S’agissant ensuite de la possibilité de fuite interne invoquée dans la décision, les demandeurs estiment qu’il appartiendrait au ministre, outre de désigner un autre endroit où ils pourraient vivre, d’y démontrer l’absence de risques, ce qu’il n’aurait pas fait en l’espèce.
Les demandeurs se fondent encore sur l’article 26 (4) de la loi du 5 mai 2006, pour reprocher au ministre une instruction défaillante de leur dossier, en ce qu’il aurait omis de renverser la présomption que contient cet article. Ils se prévalent encore des expériences qu’auraient vécues la sœur de Monsieur …et d’autres membres de la minorité goranaise pour appuyer leur crainte de persécutions.
Finalement, les demandeurs estiment, en se fondant sur les articles 2 f), 37 et 26 (4) de la loi du 5 mai 2006, que s’ils ne devaient pas se voir accorder le statut de réfugié, ils rempliraient néanmoins les conditions requises pour se voir accorder le statut conféré par la protection subsidiaire.
Le délégué du gouvernement soutient quant à lui que le ministre a fait une saine appréciation de la situation des demandeurs et conclut au rejet du recours.

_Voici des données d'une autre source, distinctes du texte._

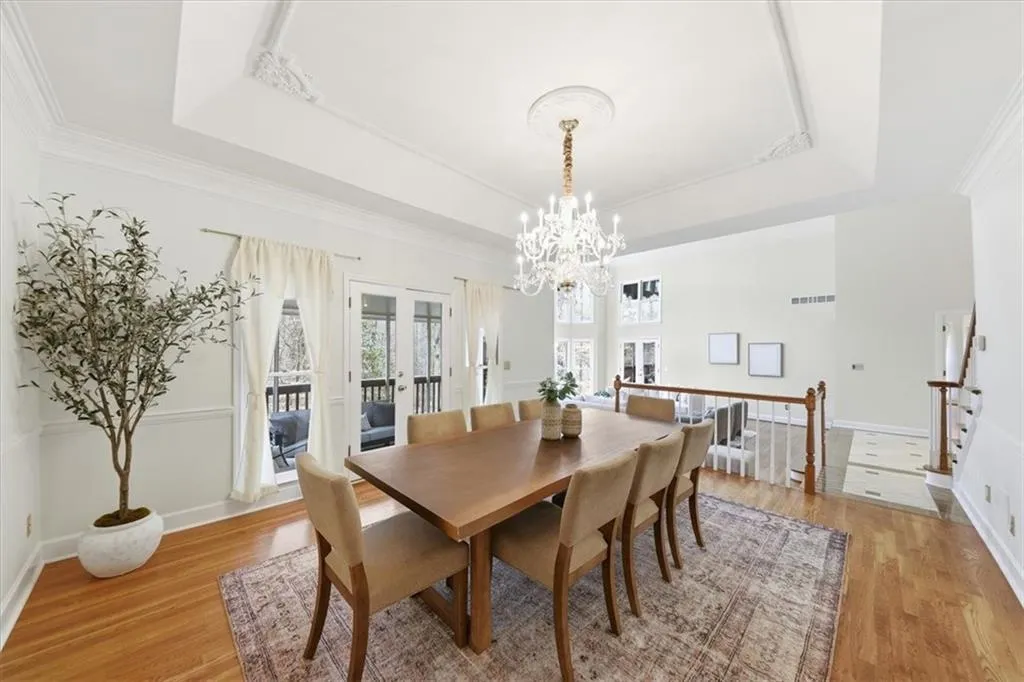 Dining space featuring french doors, a raised ceiling, light wood-style floors, a chandelier, and crown molding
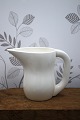 K&Co. presents: Original Ursula faience jug with handle from Royal Copenhagen in white glaze...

Il convient de prime abord de rappeler que le tribunal statue en l’espèce en tant que juge de la réformation ; or, le recours en réformation traduit le choix du législateur de confier au juge administratif la mission de statuer au fond et de refaire l’appréciation en fait et en droit, «voire de refaire - indépendamment de la légalité - l’appréciation de l’administration»1 en se plaçant au jour où lui-même est appelé à statuer, de sorte qu’il est irrelevant, dans le cadre d’un recours en réformation, que la décision litigieuse ait été légale et que l’autorité administrative qui en est l’auteur ait agi dans le cadre des pouvoirs qui étaient les siens au moment de la prise de cette décision, dès lors que de l’appréciation du juge du fond, indépendamment, c’est-à-dire sans aucun égard, en faisant abstraction de toute cause d’annulation, « et même si la situation de droit et de fait ne devait point avoir évolué depuis la prise de la décision », une autre décision est plus appropriée.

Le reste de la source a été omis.